Singapore Defence Minister Ng Eng Hen criticized both the U.S. and China for taking “unilateral actions.”

Singapore Says U.S., China Both Risking Status Quo With Actions

(Bloomberg) -- Singapore Defence Minister Ng Eng Hen criticized both the U.S. and China for taking “unilateral actions,” lumping the two rivals together as nations challenging the current global order.

In a speech to the annual IISS Shangri-La Dialogue security forum in Singapore, Ng said the world’s two-biggest economies were similarly using security considerations to justify their behavior -- the U.S. on trade and China for its military buildup in the disputed South China Sea.

Singapore Says U.S., China Both Risking Status Quo With Actions

“Whatever the merit of these arguments, these deviations from global norms challenge the status quo and accepted rules which have hitherto benefited Asia and the regions beyond,” Ng said. “It is plainly obvious that local politics and the shift in relative strengths of global or regional powers are in fact changing the rules of the international order previously entrenched.”

Ng’s comments -- he accused the U.S. of “revisiting the status quo” -- represent some of the strongest criticism yet from Southeast Asia over President Donald Trump’s stance on trade. Trump’s recent tariffs on steel and aluminum imports have targeted allies in Europe, plus Japan, Canada and Mexico, while the U.S. is engaged in an escalating war of words with China, risking a full-blown trade war.

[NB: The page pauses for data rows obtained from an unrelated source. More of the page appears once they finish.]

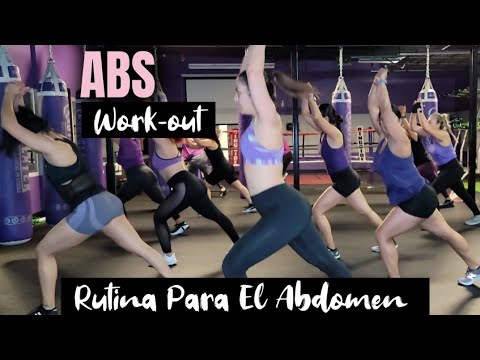 Rutina Para Trabajar El Abdomen | Abs Workout | Cardio Dance Fitness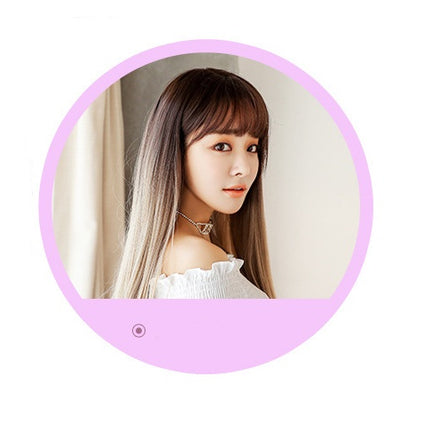 Fashion realistic hair long straight hair wig jiafa chemical fiber wig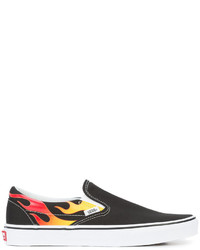 Vans Flame Slip On Sneakers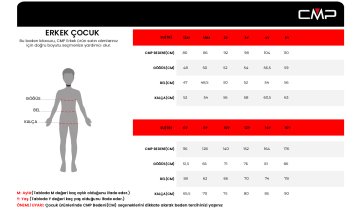 CMP Junior Carbonium Sweat Çocuk İçlik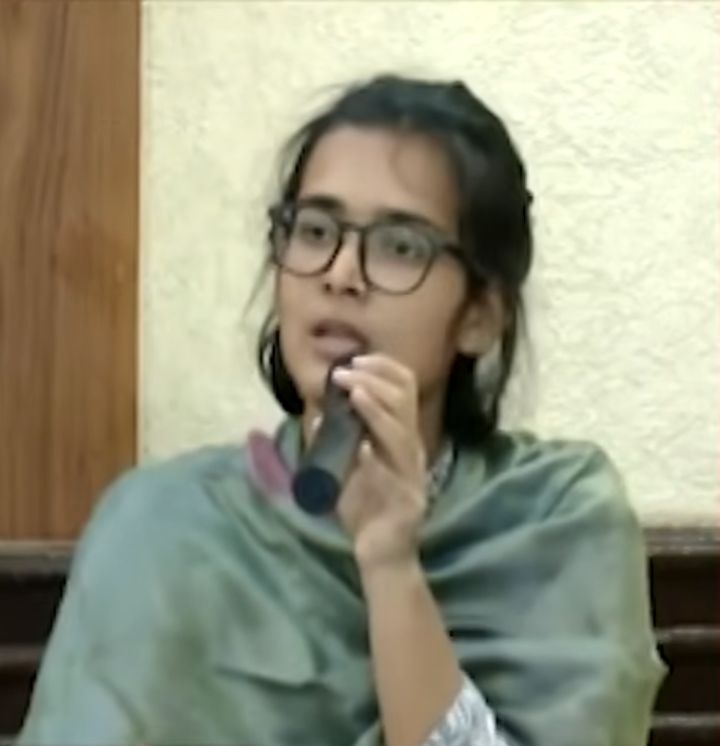 Neha Bora Says Indian Student Movement Can Form Wider Political Front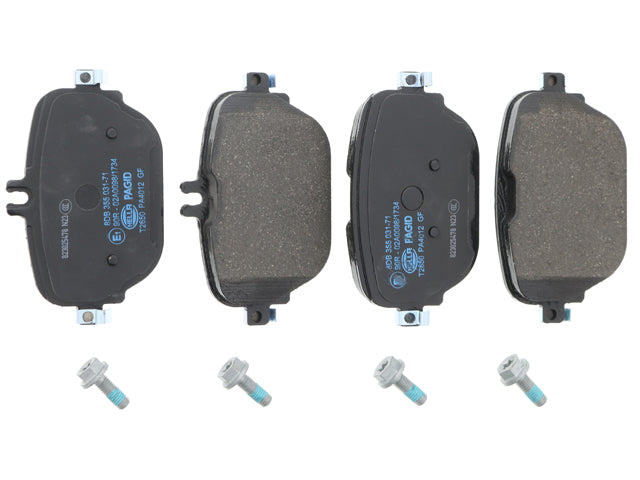 HELLA BRAKE SYSTEMS Brake Pad Set - 355031711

The remarks reflect concern that smaller states, including open economies like Singapore, risk being caught in the wash of the U.S. trade actions. Singapore has warned previously that countries should not be squeezed by competition between the U.S. and a rising China, or forced to take sides.

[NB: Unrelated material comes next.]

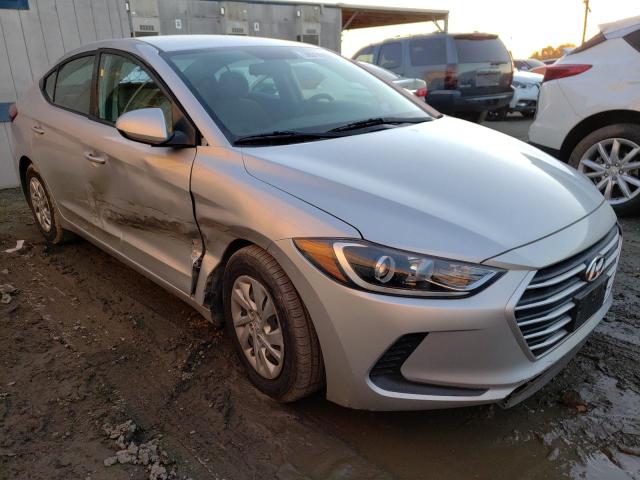 Photo 3 VIN: 5NPD74LF7JH356082 - HYUNDAI ELANTRA SE 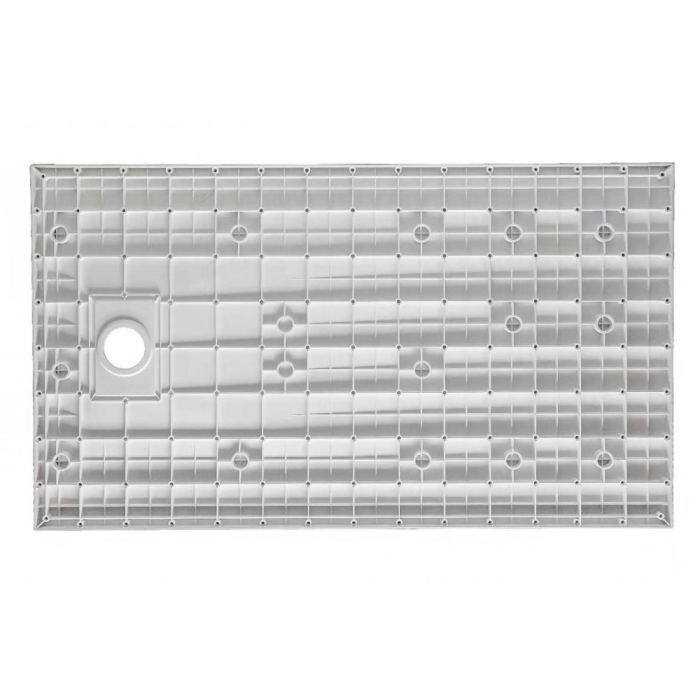 Піддон LA PIETRA квадратний 90*90 см, grey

It comes as Group of Seven finance chiefs issued a rare rebuke of a member nation, claiming U.S. trade actions could undermine global economic confidence and threaten the effectiveness of the Western alliance.

Ng cited a “reversal of roles with the United States,” adding it was now Chinese President Xi Jinping “who champions globalization.” Xi lay out a defense for globalization in a speech at Davos in January 2017, and has strongly advocated for the current system in subsequent speeches, though countries in Europe and elsewhere say China has failed to follow its words with actions to open up its open economy.

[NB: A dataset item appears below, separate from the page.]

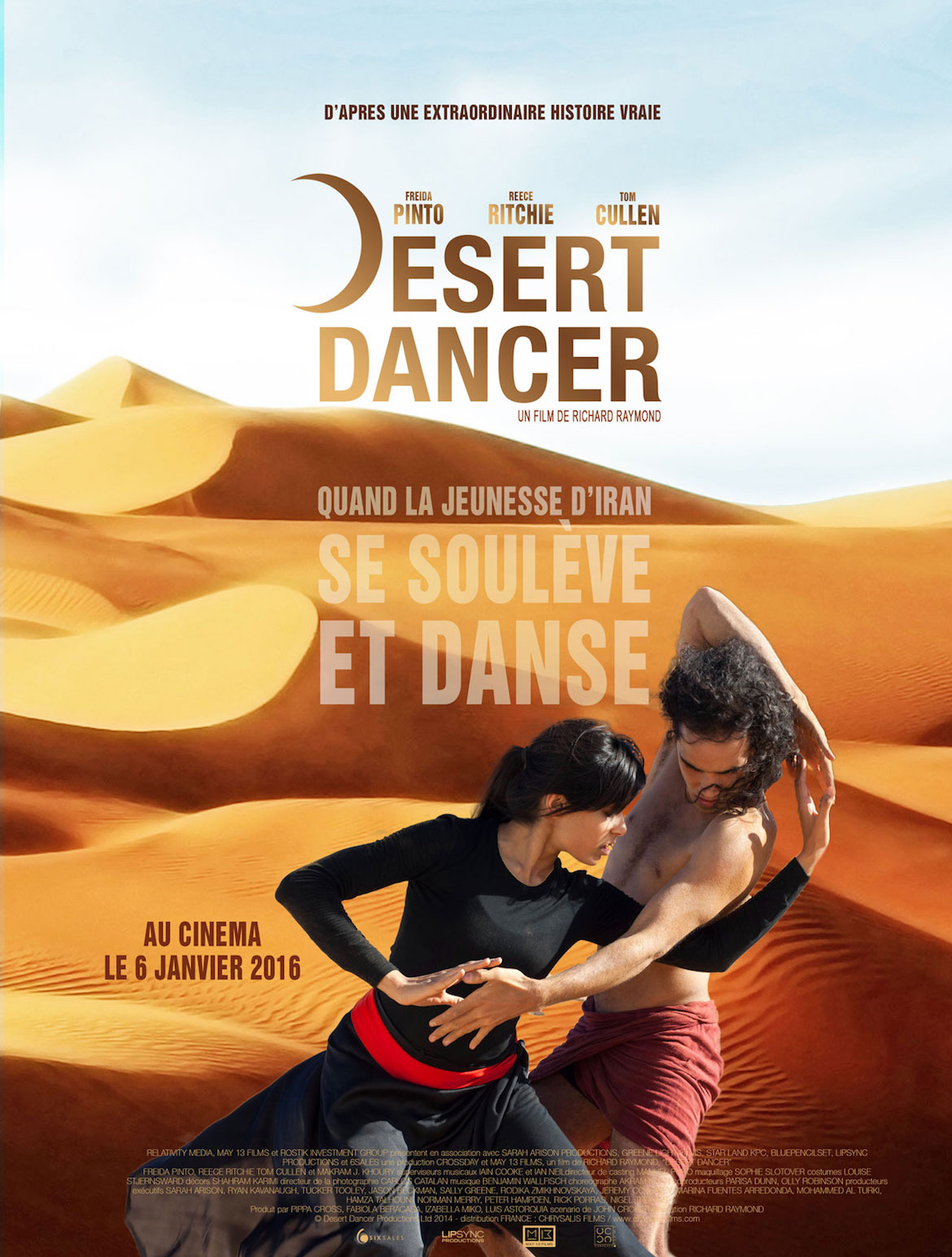 Desert Dancer Main Poster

At the same time, Ng called out China for intensifying its military buildup on reclaimed reefs in the South China Sea. Beijing has recently installed missiles on some outposts and regularly warns ships and planes from other countries away from territory it claims. While Singapore is not a claimant in the South China Sea, its neighbors such as the Philippines and Malaysia are.

“Both China and the United States are attempting to address perceived inequalities and accepted principles or practices which disadvantage them,” Ng said.

Ng called on the U.S. and China to improve their relationship in the interests of others. That’s even as the Pentagon in a report earlier this year warned of a new era of great power rivalry with China and Russia.

“It would be a lose-lose scenario for the world if the U.S. and China are unwilling to work together for an inclusive system that both large and small states can benefit from, and where rules apply to all,” Ng said.

Long-running disputes between the world’s two largest economic powers have flared amid the Trump administration’s efforts to counter Chinese influence. Secretary of Defense James Mattis told the forum on Saturday that China’s actions in the South China Sea amounted to attempted coercion of other states.

He also attacked what he said were excessive loans made under China’s Belt and Road Initiative on infrastructure projects that were binding smaller nations in debt.

“Eventually these things do not pay off, even if on the financial ledger sheet, or the power ledger sheet they appear to,” he said. “It’s a very shaky foundation when we believe that militarizing features are somehow going to endorse their standing in the world.”

Mattis’s comments appeared to be an attempt to reaffirm the U.S. commitment to Asia’s security, even as Trump’s decisions to levy tariffs on allies and withdraw from international agreements raise questions about America’s postwar alliances.